Angespannt nickte sie und steuerte den letzten freien Sessel an, um sich dort hineinzusetzen. Lasziv schlug sie die Beine übereinander. Es war ein unbewusster Vorgang, der ihr nach den vielen Jahren in ihrem Gewerbe, in Fleisch und Blut übergegangen war.

Der Vampir, der ihr und Joleen auf dem Weg zum Haus hinauf entgegengekommen war, schob ihr einen Stapel Papiere über den Tisch zu und deutete ihr mit einer Handbewegung an diese zu lesen. Es juckte ihr in den Fingern sofort danach zu greifen, doch Martina riss sich zusammen.

»Wie du feststellen wirst, haben wir alle Punkte in dem Vertrag aufgeführt die wir bereits besprochen haben«, erklärte er und legte eine Hand auf Joleens Kopf. »Mit deiner Unterschrift trittst du jegliches Recht an deiner Tochter ab und übergibst sie in unsere Hände. Wie wir mit ihr verfahren und was wir mit ihr machen, obliegt alleine unserer Entscheidung, du wirst kein Mitspracherecht haben.« Als Martina kurz nickte, um ihre Verstehen signalisieren, fuhr er gleich fort. »Als Gegenleistung wirst du eine einmalige Zahlung von zwanzigtausend erhalten, sowie eine monatliche Zahlung von zweitausend solange Joleen noch nicht volljährig ist.«

Diese Worte wärmten Martinas Innerstes. Damit hätte sie ausgesorgt. Sie brauchte sich keine Sorgen mehr darum zu machen, wie sie dieses lästige Kind versorgt bekam. Mit dem Geld von den Blutsaugern konnte sie sich ein schönes Leben machen und gleich dazu war sie das nervige Gör los. Für sie war es eine Win-win-Situation.

»Wo soll ich unterschreiben?«, fragte Martina ekstatisch und lächelte jeden der Vampire erfreut an, hütete sich jedoch davor, ihnen direkt in die Augen zu sehen.

Die Gesichter der Vampire schienen vollkommen ausdruckslos zu sein. Doch als sie bei der Frau mit dem schwarzen Haar ankam, kam sie nicht umhin, doch einen Blick in diese grauen, kalten Augen zu werfen. Und dort sah sie etwas aufblitzen, was ihr nicht gefiel. Der Blick der Vampirin könnte Probleme bedeuten.

Sie irrte sich nicht. Die Frau beugte sich vor und ihr Blick schweifte zwischen Martina und Joleen umher, die mit gerunzelter Stirn hin und her sah.

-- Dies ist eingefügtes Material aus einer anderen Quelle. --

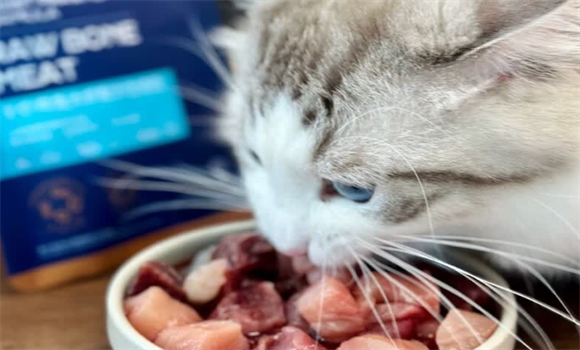 猫咪挑食体弱怎么办?猫爷柒生骨肉给予精准回应 猫咪挑食体弱怎么办?猫爷柒生骨肉给予精准回应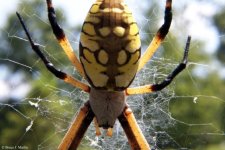 Argiope_aurantia_2 [640x480].jpg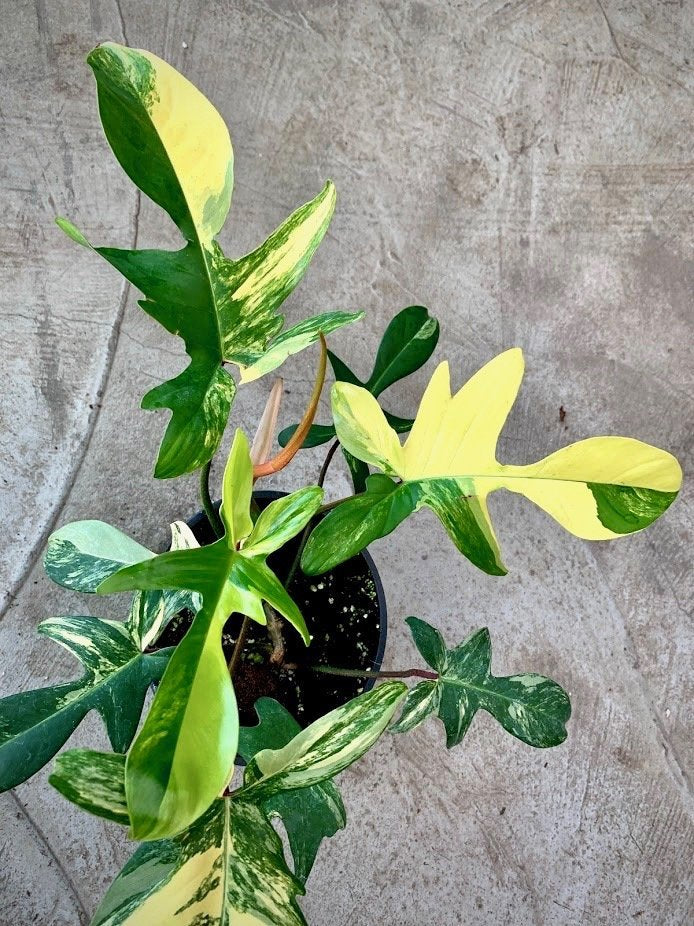 Philodendron Florida Beauty (4-6 Blätter) Hoch Variegated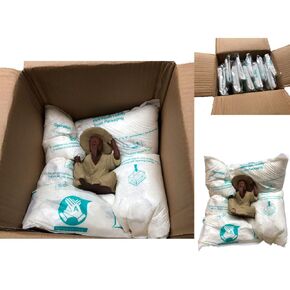Foam Bag For Shipping 14"" x 16"", PACK of 10 Handy Foam expanding foam packaging Bags, expanding packing foam for pc etc,. - Packing and Shipping Solution (pack of 10), White, Petsmya-2401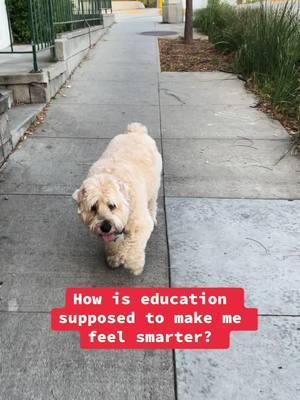 The Simpsons on Education 🐶 #wheatenterrier #dogsoftiktok #comedy #freecomedy #thesimpsons 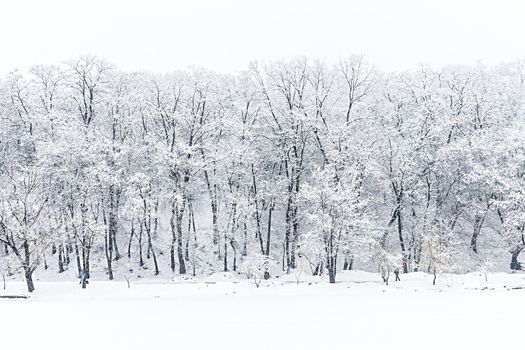  frozen trees in winter forest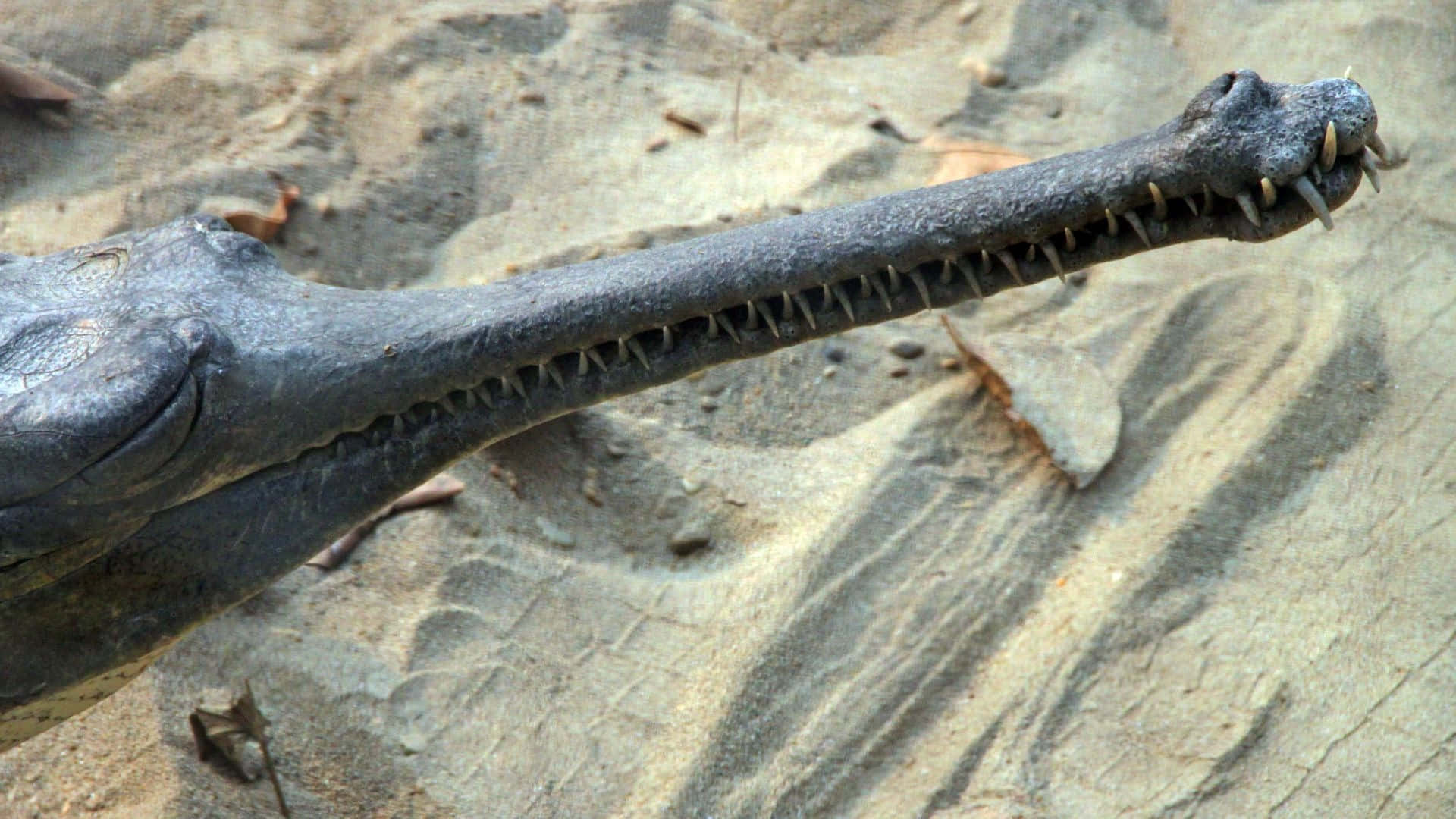 Gharial, long toothed snout, sandy riverbank, Full HD Desktop Wallpaper
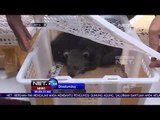 Petugas BKSDA Sita Satwa Langka Peliharaan Warga di Bekasi - NET24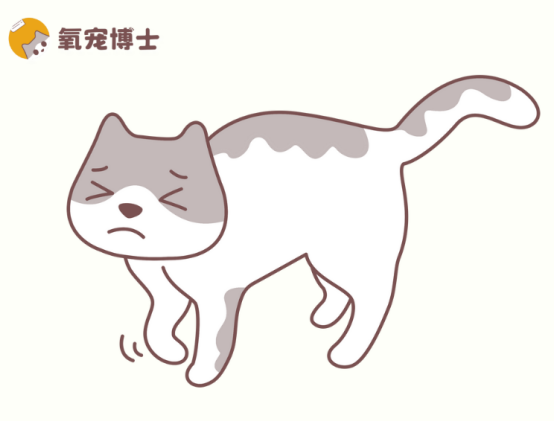 怎么判断猫咪是骨折还是扭伤？快速自查+处理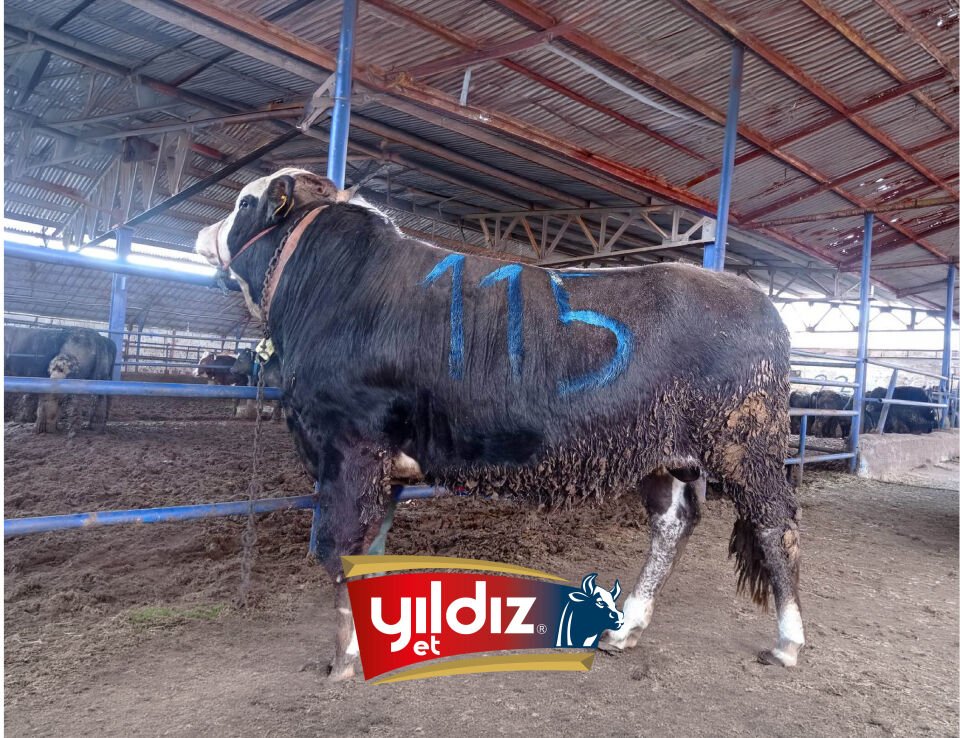 115 Tosun Hissesi
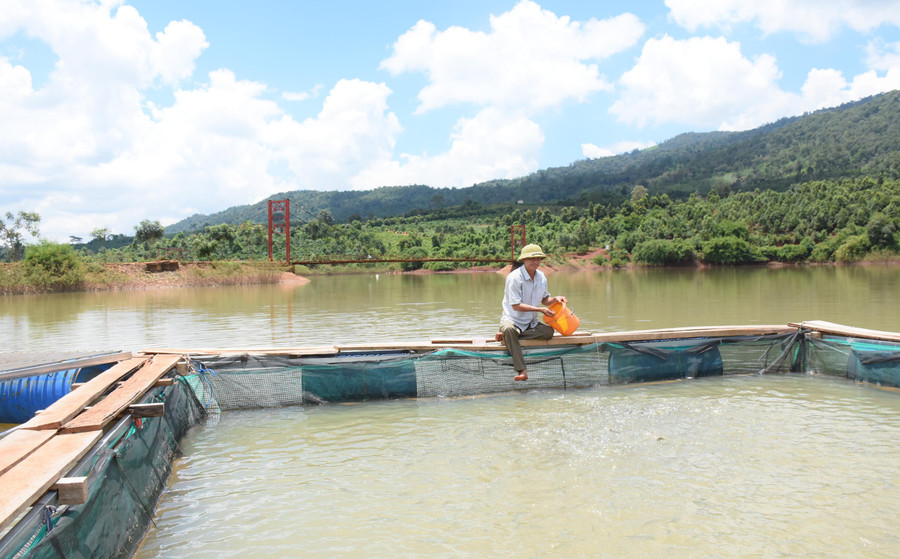 Mô hình nuôi cá lồng bè của HTX Nông nghiệp và Dịch vụ Đak Krong, Đak Đoa. Ảnh: Lê Nam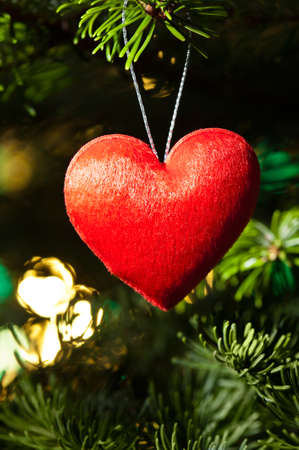 Red heart in Christmas tree nice illuminatedの写真素材
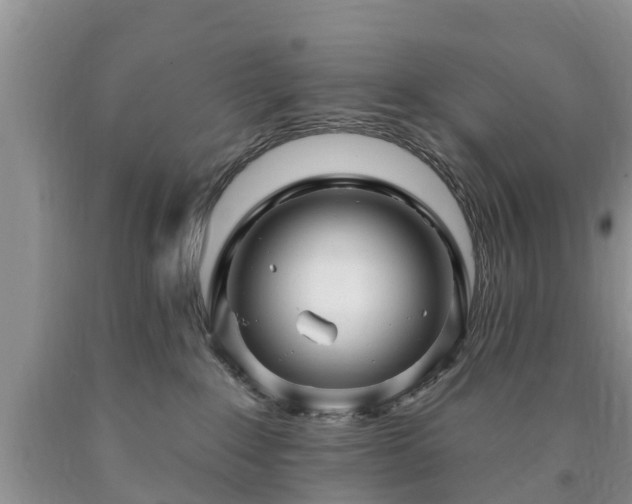 X0000090610235200707241113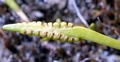 Ophioglossum lusitanicum #03.jpg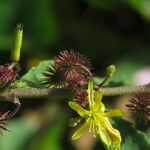 Triumfetta semitriloba Flower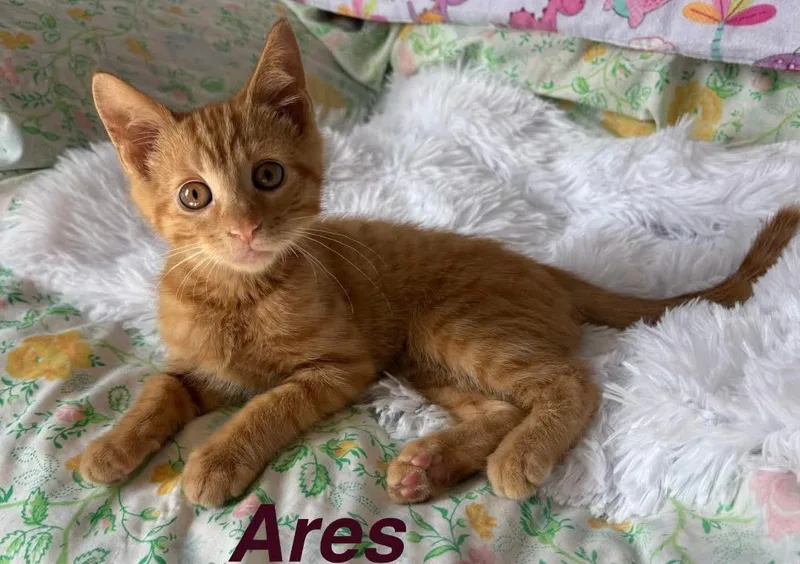 Ares thumbnail 2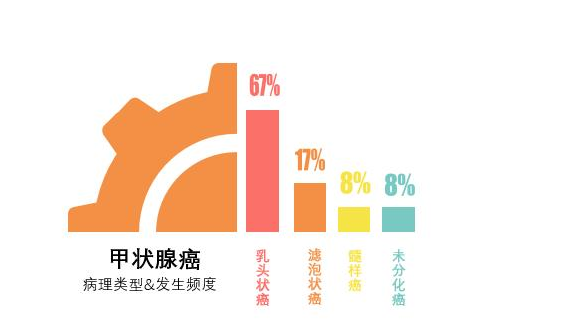 抗生素|散结“高手”被找到，不是冬瓜，敞开吃，甲状腺结节一天比一天小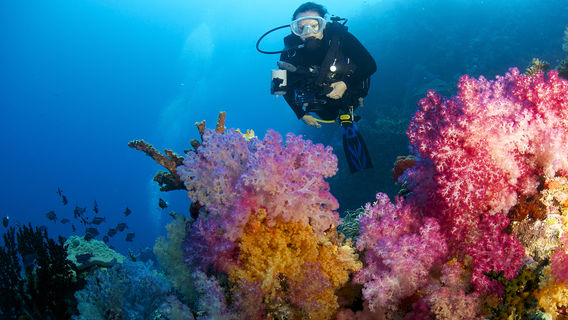 Scuba Diving in Fiji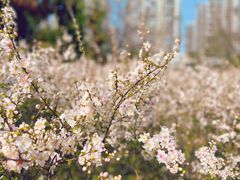 -白塘生态植物园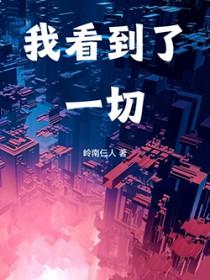 我看到了一切英语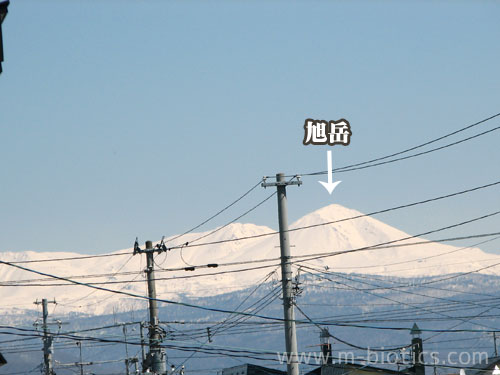 旭岳　大雪山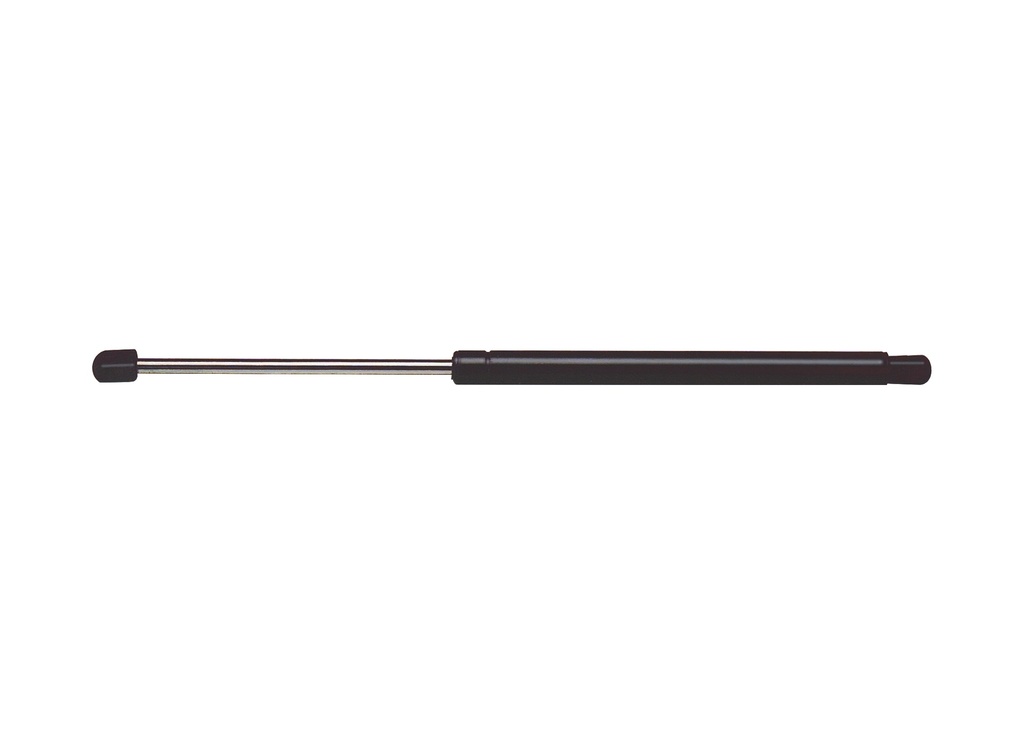 Trunk lift support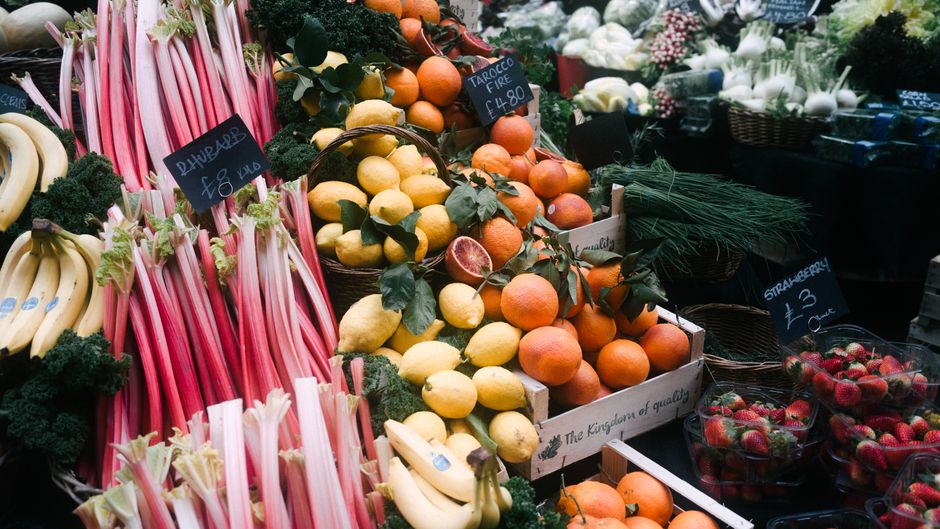 Ottawa Spring Gardening: Why Rhubarb Belongs in Every Backyard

»Du bist dir im Klaren was das bedeutet? Von dem Augenblick deiner Unterschrift hast du keine Tochter mehr«, erklärte die Vampirin und bedachte Martina mit einem Blick, der Unbehagen bei ihr auslöste. »Du wirst kein Recht haben, sie zu besuchen oder sie zurückzufordern. Von dem Augenblick an, wo du unterschreibst, wird es für dich sein, als hättest du nie ein Kind entbunden.«

»Das ist mir bewusst«, erklärte Martina hartherzig.

In dem Gesicht des Mädchens hatte es begonnen zu arbeiten und Angst war in Joleens Augen getreten. »Mama, worüber redet ihr?«, fragte das Mädchen ängstlich und rutschte ein wenig auf dem Sofa vor.

»Darüber, da...«, setzte Martina an.

Der Vampir, der neben ihrer Tochter saß, hob die Hand und Martina verstummte sofort. Es war nicht ratsam einem Unsterblichen zu widersprechen. Es gab Geschichten, in denen eine solch unbedachte Handlung zum Tod desjenigen geführt hatte.

»Wir würden es schön finden, wenn du hier bei uns wohnen würdest. Darüber haben wir mit deiner Mutter gesprochen«, erklärte der Vampir und Martina wunderte sich, wie sanft seine Stimme klang.

Auch die Vampirin mit dem schwarzen Haar stand auf und ging zu Joleen hinüber. »Wir haben nicht viele Kinder hier und wir fänden es schön, wenn du eine Weile bei uns bleibst«, erklärte sie.

Joleen sah zu Martina, doch diese war bereits dabei den Vertrag zu unterschreiben. Sie brauchte ihre Tochter ... nein das Kind, das nun den Vampiren gehörte, nicht ansehen, um zu wissen wie stupide Joleen nun dreinschaute. Diesen Blick bekam das Balg immer, wenn sie etwas nicht verstand. Was recht oft der Fall war. Eindeutig eine Eigenschaft, die sie ihrem Erzeuger verdankte.

»Und meine Mama?«, fragte das Mädchen und Martina musste mit Mühe ein Lachen unterdrücken. Wenn sie die Vampire richtig verstand, besaß das Mädchen nun keine Mutter mehr.

»Die wird nicht bei uns wohnen«, erklärte nun der Vampir, der auf der anderen Seite von Joleen saß.

Das Mädchen runzelte wieder die Stirn, und der dritte männliche Vampir stand auf und holte einen Umschlag hervor, den er vor Martina auf den Tisch legte. Ihr Herz begann zu rasen. Dies war sicherlich ihre Bezahlung.

»Das ist deine Entschädigung sowie die erste Monatsrate. Du kannst nachzählen wenn du möchtest«, erklärte der Vampir und setzte sich wieder hin.

Martina juckte es in den Fingern, den Umschlag an sich zu reißen und jeden einzelnen Schein durch ihre Hände gleiten zu lassen, doch sie beherrschte sich. Sie war schlau und so war sie zu Freunden gegangen, um sich zu informieren, wie sie sich verhalten musste, sobald sie den Vampiren gegenüberstand.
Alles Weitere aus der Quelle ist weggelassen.